▶ What is required: Exactly the lines from the start of the data below through the line that contains "Herbstmorgen in Oberschwaben" are to be copied, with pictures left out.

▶ Entries provided:
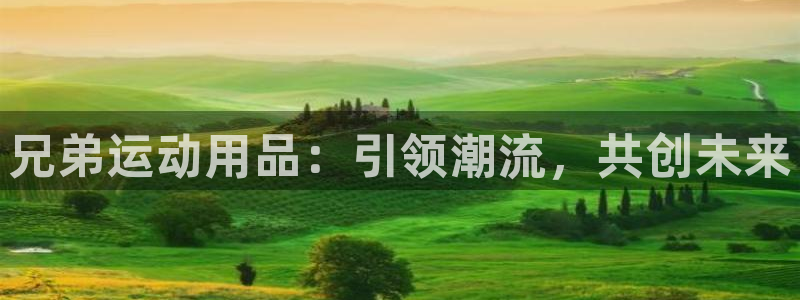 凯捷体育平台注册流程视频：兄弟运动用品：引领潮流，共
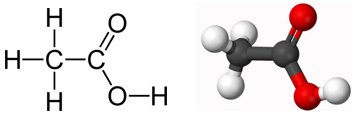   Cấu trúc phân tử của axit axetic CH3COOH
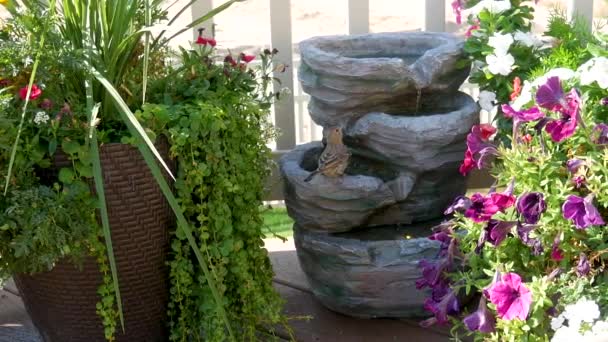 House Finch Visite Une Fontaine Eau Jardin Pour Boire Verre — Video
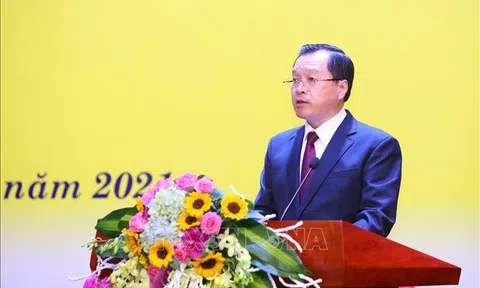 Nhiều giải thưởng được trao tại Cuộc thi Đại sứ Văn hóa đọc năm 2021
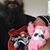 Kevin Keele's profile image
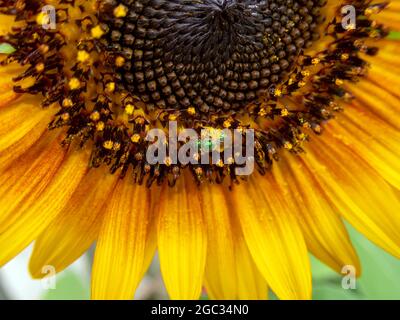 Eine Makroaufnahme einer smaragdgrünen Schweißbiene, die beim Sammeln von Pollen von einer großen gelben Sonnenblume arbeitet. Bokeh-Effekt. Stockfoto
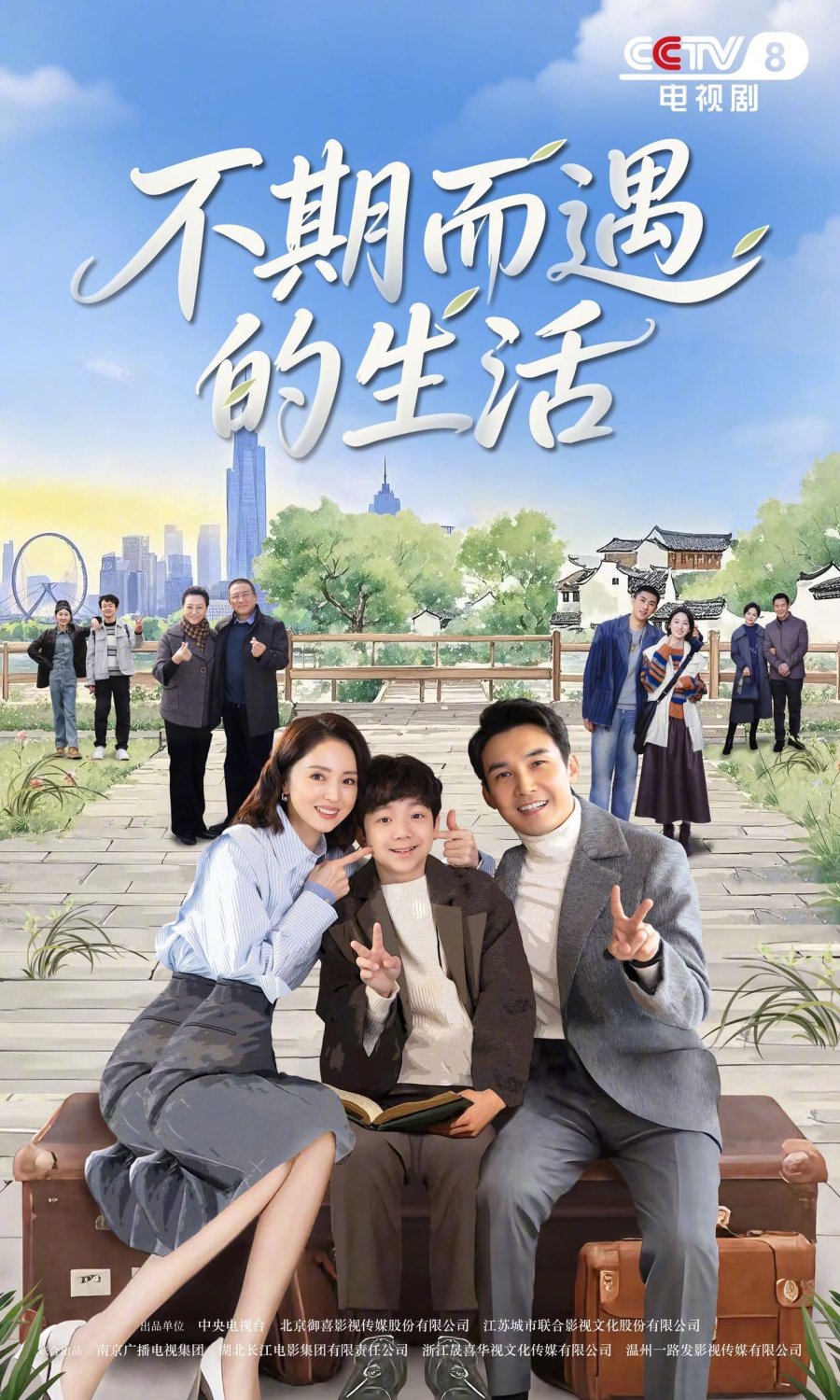 دانلود سریال چینی راه حل زندگی بهینه 2025 Life Optimal Solution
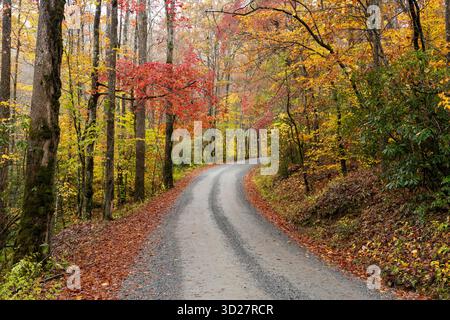 Strada tortuosa con vibrante fogliame autunnale nella Pisgah National Forest, Brevard, North Carolina, Stati Uniti Foto Stock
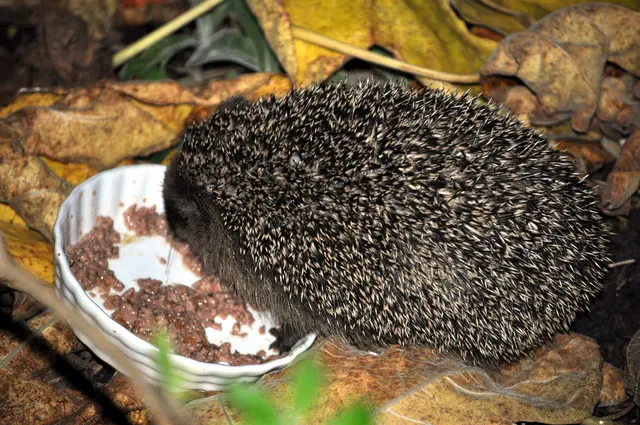 Das Futter schmeckt ihm auf jeden Fall.  | Foto: Daniela Somers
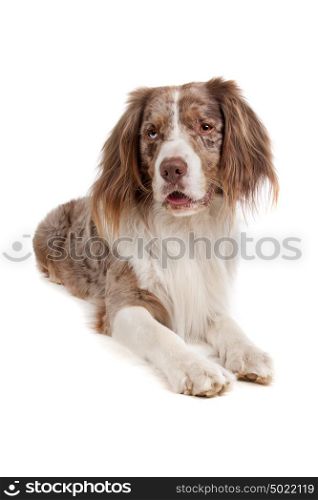mixed breed dog. mixed breed dog. Australian shepherd, English springer spaniel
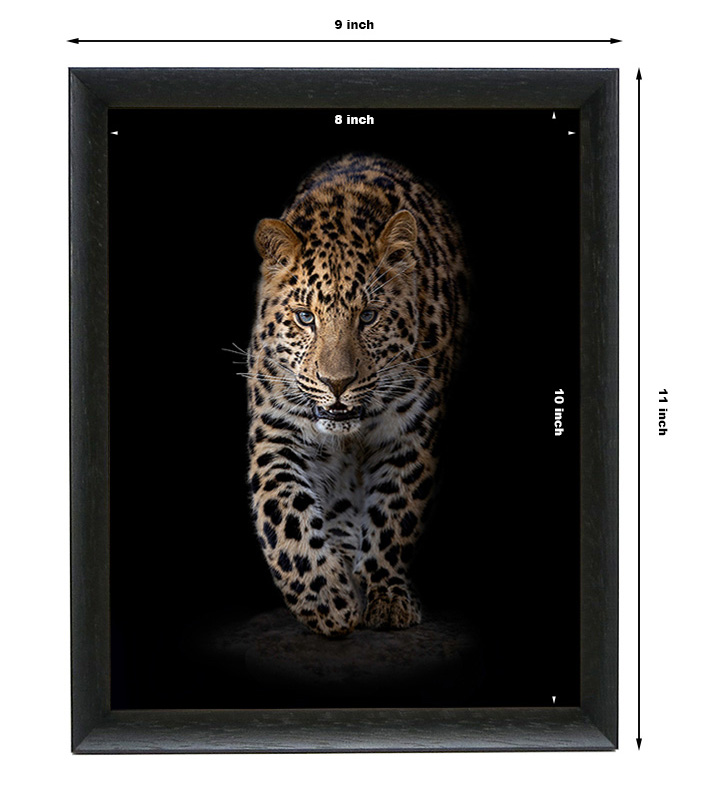 black picture frame example showing an Amur leopard on black background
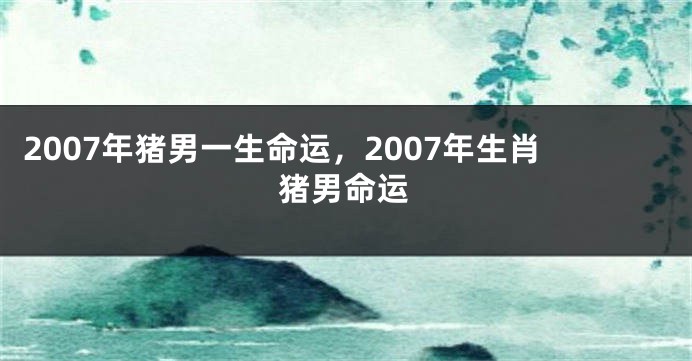 2007年猪男一生命运，2007年生肖猪男命运
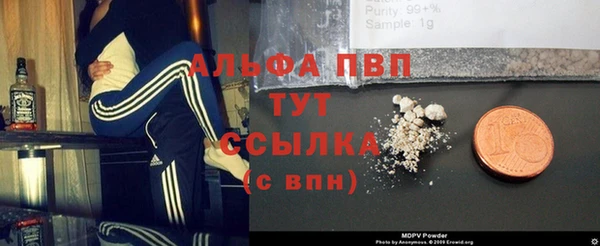 ГАЛЛЮЦИНОГЕННЫЕ ГРИБЫ Надым
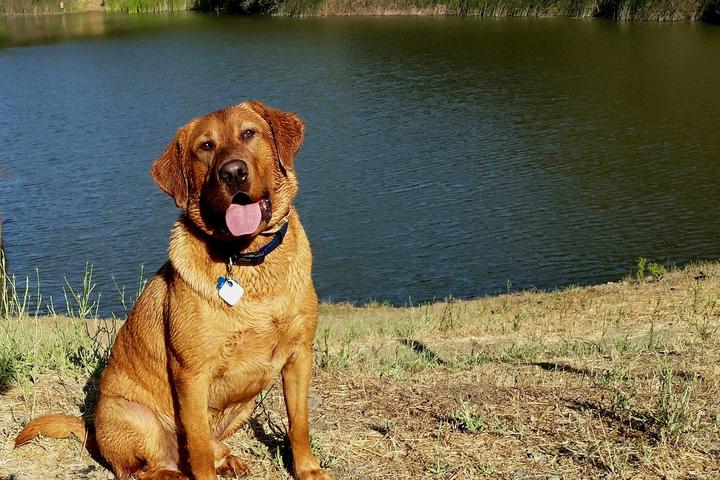 Pet Friendly Waterdog Lake & Open Space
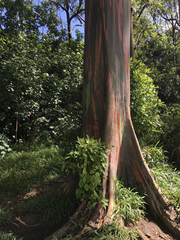 Eucalyptus deglupta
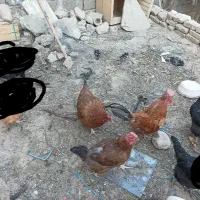 مرغ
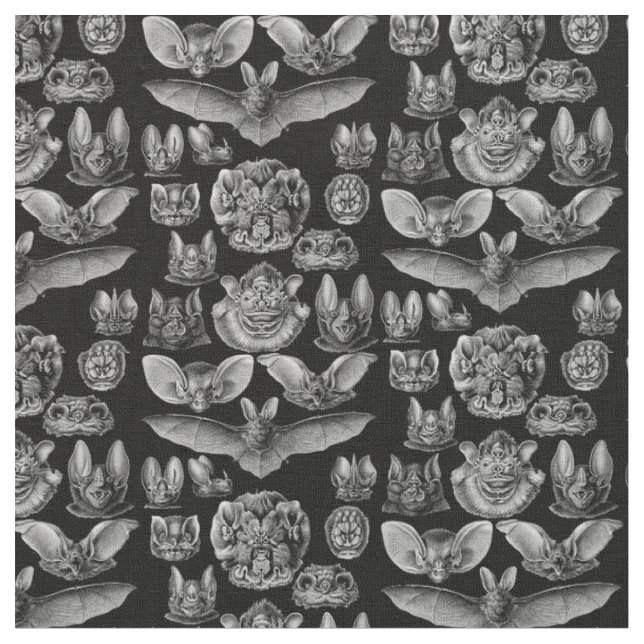 1904 Haeckel Chiroptera Stoff (Nahaufnahme)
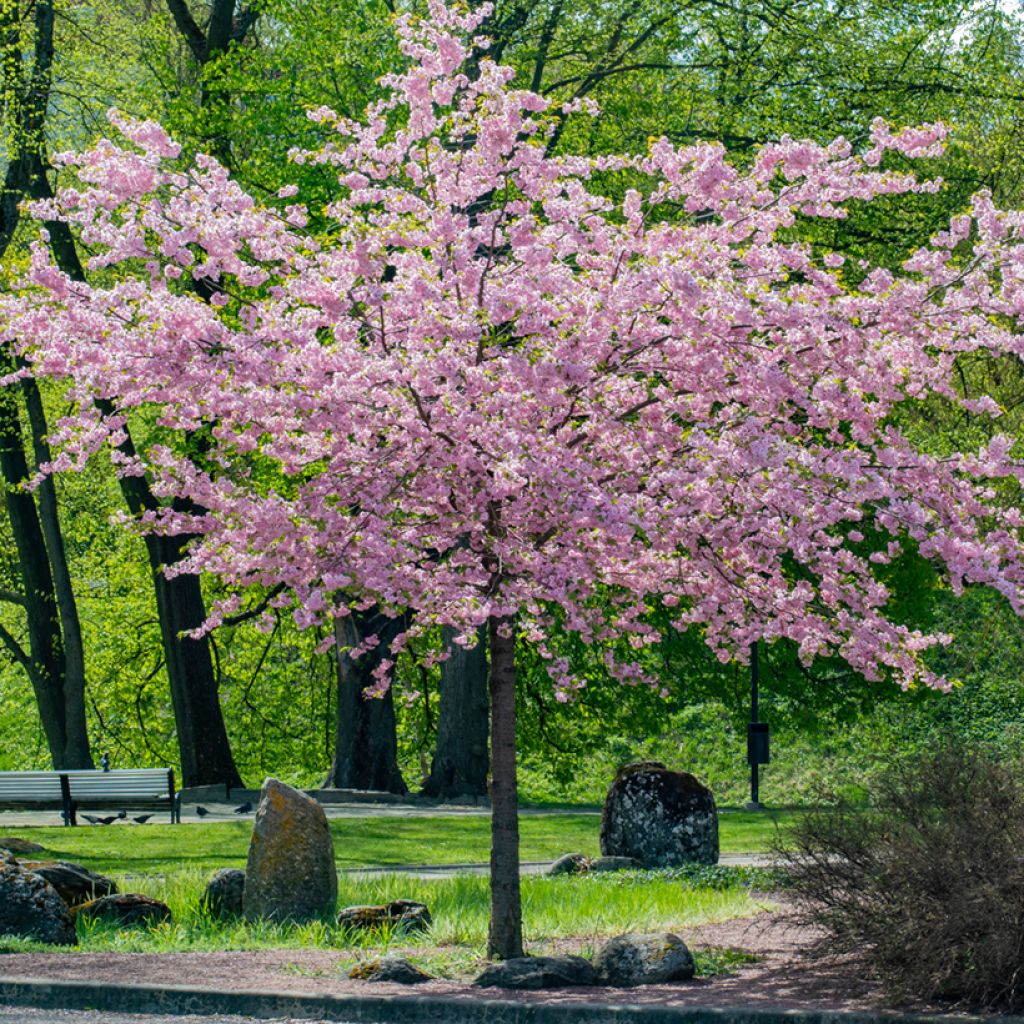 Rusokirsikka - Prunus sargentii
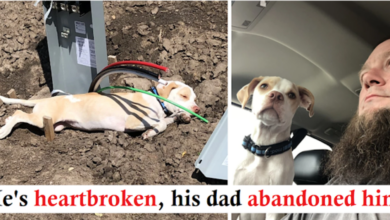 Kind Man Saves Abandoned Puppy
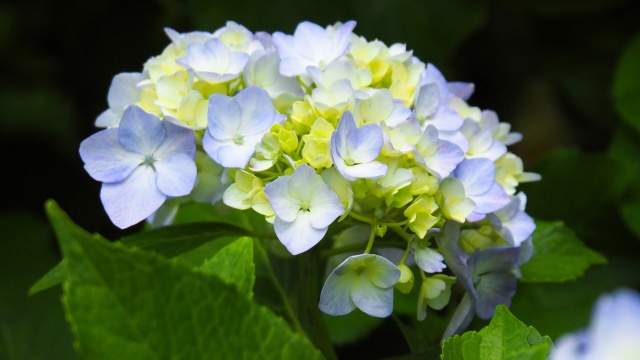 本土寺の紫陽花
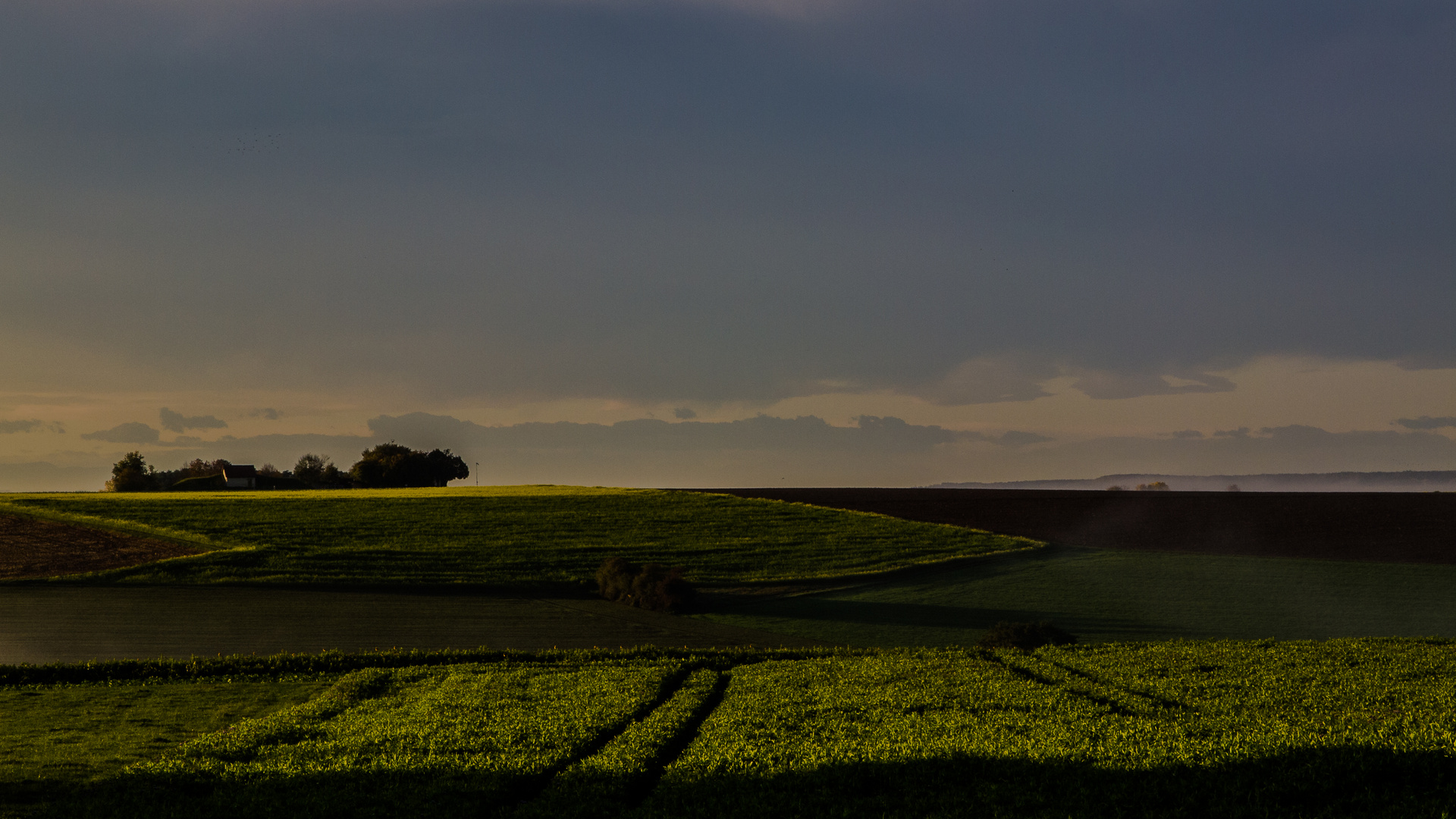 Herbstmorgen in Oberschwaben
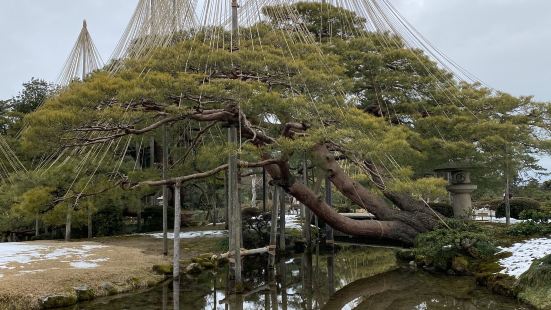 金沢駅からバスで兼六園へ。21世紀美術館からはとても近いです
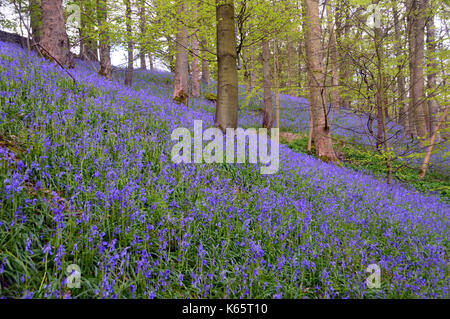 Schräge Bank von Wilden gemeinsamen Bluebells in Strid Holz, Bolton Abbey Teil der Dales Weg lange Strecke Fußweg, Wharfedale, Yorkshire, England, UK. Stockfoto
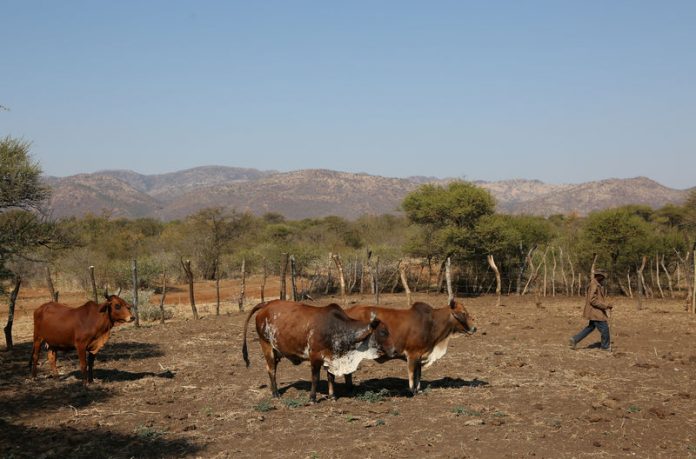 A Villager tends to his cattle in Moruleng, a small mining community, in Rustenburg, Northwest province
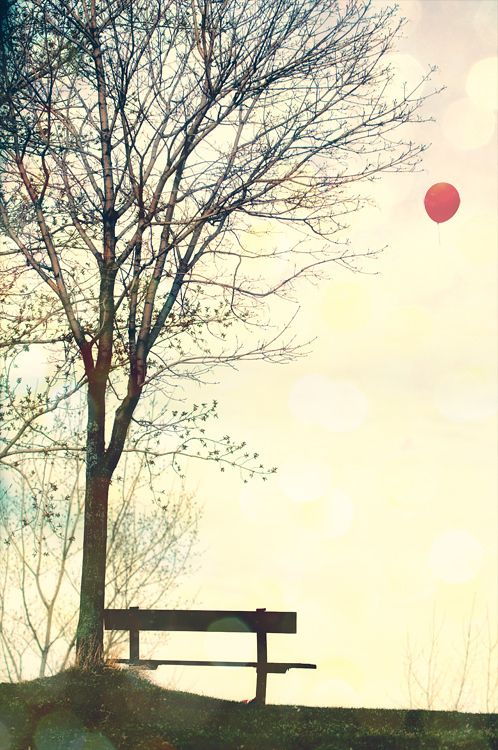 25649418b160913bd4253686218ae75b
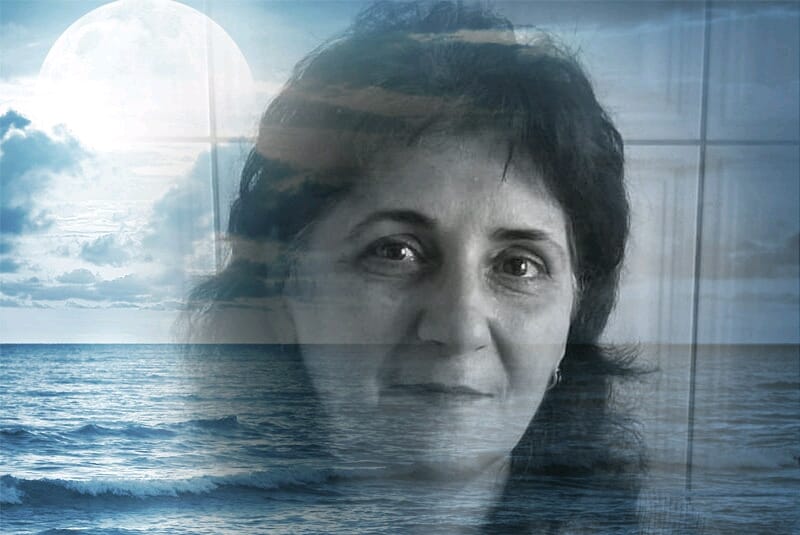 visul de loreta toader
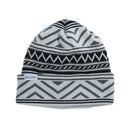 Coal The Weston Knit Beanie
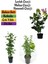 Kokulu Bahçe Seti Leylak Fidanı+Hanımeli Fidanı+Melisa Çiçeği FIDANI(40-80CM) 1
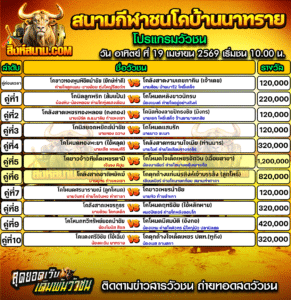 โปรแกรมวัวชน สนามกีฬาชนโคบ้านนาทราย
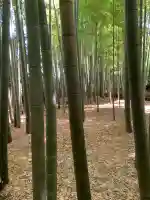 報国寺(神奈川県)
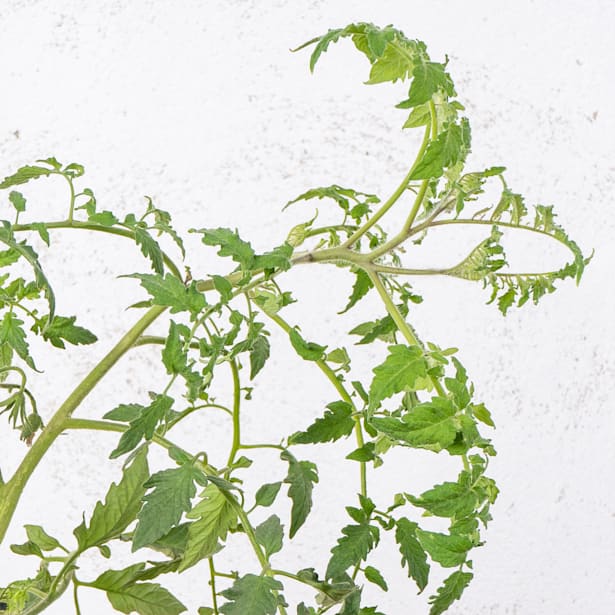 Tomate injertado Corazón de Buey - Planta de huerto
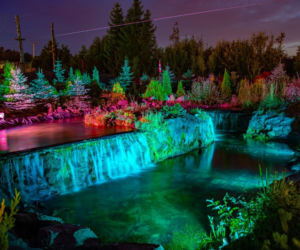 Majówka w Sabacie Krajno 2026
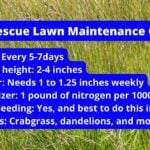 Tall Fescue Lawn Maintenance Guide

▶ Problem solution:
 凯捷体育平台注册流程视频：兄弟运动用品：引领潮流，共
   Cấu trúc phân tử của axit axetic CH3COOH
 House Finch Visite Une Fontaine Eau Jardin Pour Boire Verre — Video
 Nhiều giải thưởng được trao tại Cuộc thi Đại sứ Văn hóa đọc năm 2021
 Kevin Keele's profile image
 Eine Makroaufnahme einer smaragdgrünen Schweißbiene, die beim Sammeln von Pollen von einer großen gelben Sonnenblume arbeitet. Bokeh-Effekt. Stockfoto
 دانلود سریال چینی راه حل زندگی بهینه 2025 Life Optimal Solution
 Strada tortuosa con vibrante fogliame autunnale nella Pisgah National Forest, Brevard, North Carolina, Stati Uniti Foto Stock
 Das Futter schmeckt ihm auf jeden Fall.  | Foto: Daniela Somers
mixed breed dog. mixed breed dog. Australian shepherd, English springer spaniel
 black picture frame example showing an Amur leopard on black background
 2007年猪男一生命运，2007年生肖猪男命运
 ГАЛЛЮЦИНОГЕННЫЕ ГРИБЫ Надым
 Pet Friendly Waterdog Lake & Open Space
 Eucalyptus deglupta
 مرغ
 1904 Haeckel Chiroptera Stoff (Nahaufnahme)
 Rusokirsikka - Prunus sargentii
 Kind Man Saves Abandoned Puppy
 本土寺の紫陽花
 Herbstmorgen in Oberschwaben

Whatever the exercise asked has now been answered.